Civil lawsuits related to financial and banking matters are numerous and spare no financial institution - from banks and payment agencies to banking correspondents and investments funds, among others. Banking litigation typically arises in disputes on financial transactions, interest rates, improper charges, pricing, and defective products or services.

Standard of care for customers

What is the standard of care that applies to each type of financial services firm and authorised person when dealing with retail customers?

Brazil’s legal system is based on the Civil Code, under which a duty to redress is subject to the existence of an illicit act, and to a causal relation between the illicit act and the loss caused to the aggrieved person.

In principle, there is no separate legal framework for financial institutions based on a special duty of care. But the CMN and the Central Bank have issued a number of different rules to protect consumers, and the STF, in a landmark decision on 7 June 2006, has held that the Consumer Protection Code applies to the relationship between banks and consumers as well. The STJ has sided with this view, and has issued from time to time interpretative rulings establishing the liability of financial institutions on specific matters.

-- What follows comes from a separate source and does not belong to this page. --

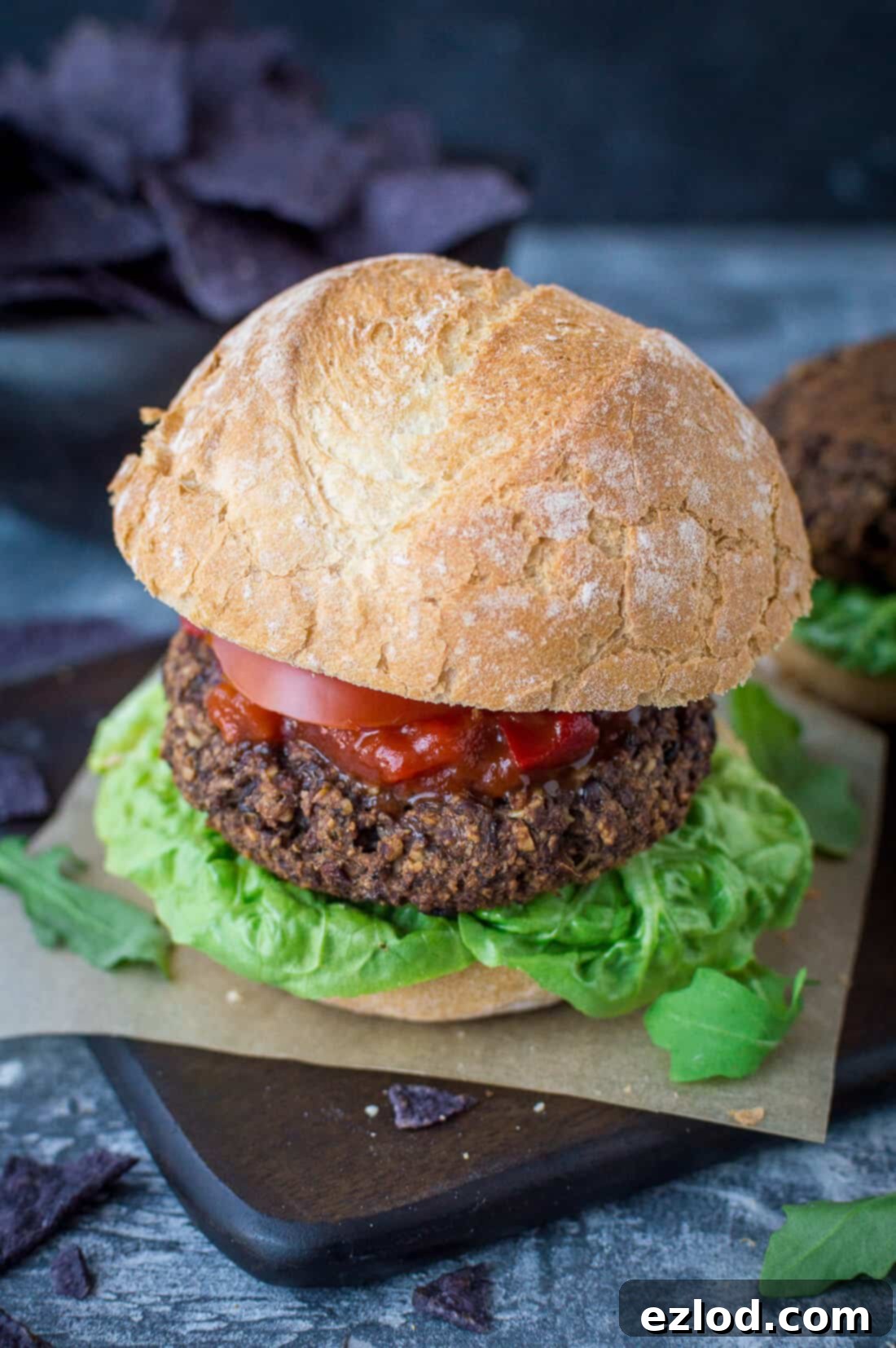 A close-up of a perfectly constructed vegan mushroom, lentil, and walnut burger nestled in a soft roll with crisp lettuce and a vibrant tomato salsa, showcasing its hearty texture.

Does the standard of care differ based on the sophistication of the customer or counterparty?

Yes. As noted under question 18, financial institutions are subject to a dual system of liability in Brazil:

  • for corporate clients, the basic principles of civil law liability; and
  • for consumers, a more protective system based on rules issued by the supervisory authorities and based on the Consumer Protection Code.

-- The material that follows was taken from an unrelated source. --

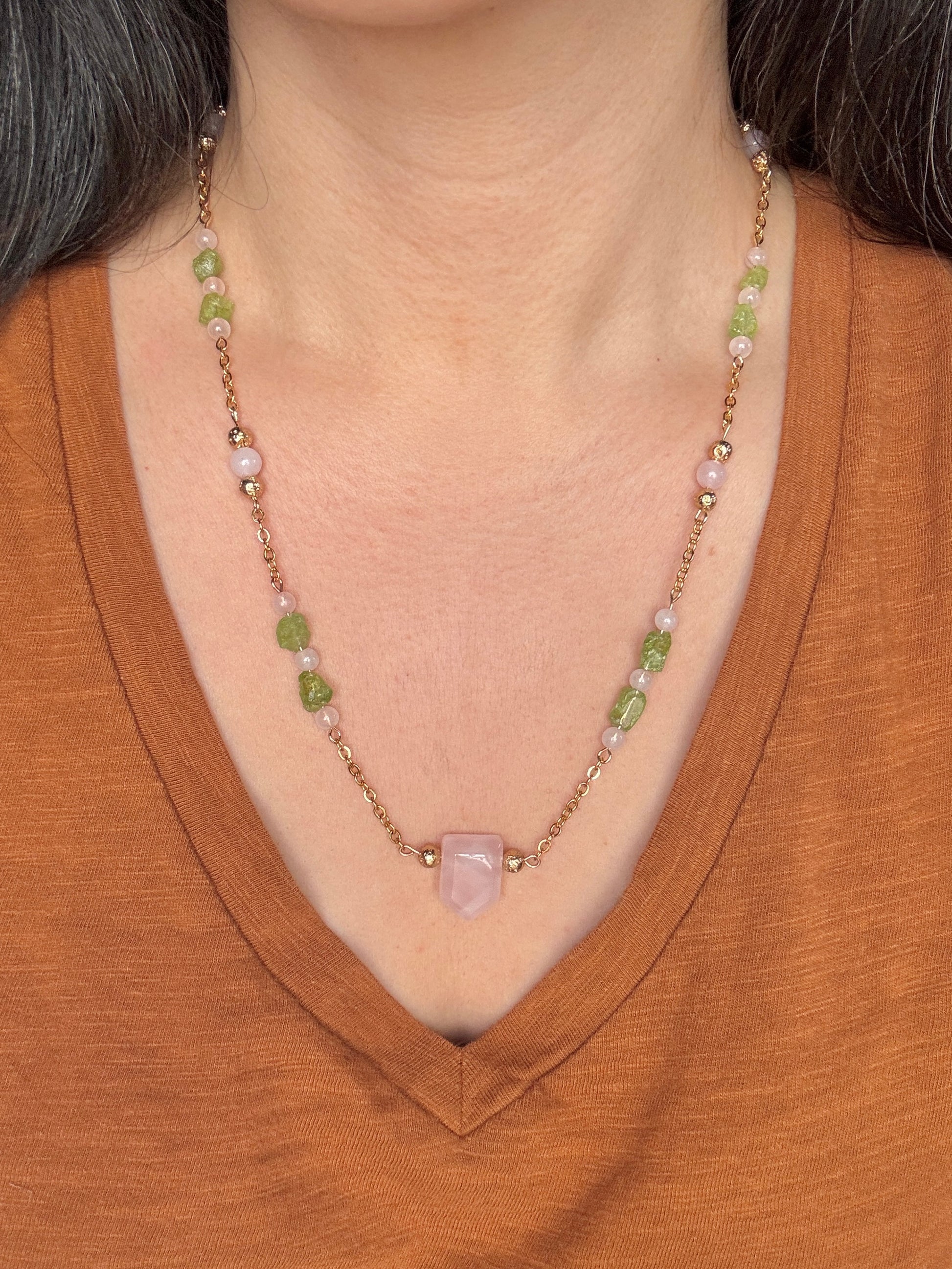 Necklace with green and pink beads worn by a person in a brown shirt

In addition, there are a number of rules requiring disclosure of products and services, and limiting the fees and other amounts charged to consumers on such products and services.

The trend is that court rulings will increasingly lean toward application of the Consumer Protection Code to banking agreements and toward revision of these agreements to make them less burdensome for consumers. In addition, the CMN and the Central Bank issue from time to time specific rulings on consumer rights in the banking industry.

The basic consumer rights with regard to financial institutions are as follows:

  • the burden of proof is reversed in court;
  • financial institutions must ensure that proper and clear information is provided on the different products and services offered, with accurate specifications for quantity, characteristics, composition, quality and price, and on any risks such products may pose;
  • the products and services being offered or recommended must be adequate to the needs, interests and objectives of clients and users (suitability);
  • financial institutions are prohibited from releasing misleading or improper advertisement or information about their contracts or services, as well as promoting overbearing or disloyal commercial practices;
  • financial institutions are liable for damage caused to their clients by any misrepresentation in their advertisement or information provided;
  • interest on consumer credit and related transactions must be proportionally reduced in the case of early payment of debts;
  • debt collection actions cannot be threatening or expose the client to embarrassment; and
  • amounts charged improperly in bad faith must be returned at twice the excess payment (except for excusable error, such as a system or operational error).
Rule making

How are rules that affect the financial services industry adopted? Is there a consultation process?

It is common that the regulations issued by the CMN, Central Bank and CVM, when involving relevant aspects of the national financial system, are first taken to public consultation, during which they are open to suggestions and statements from the general public.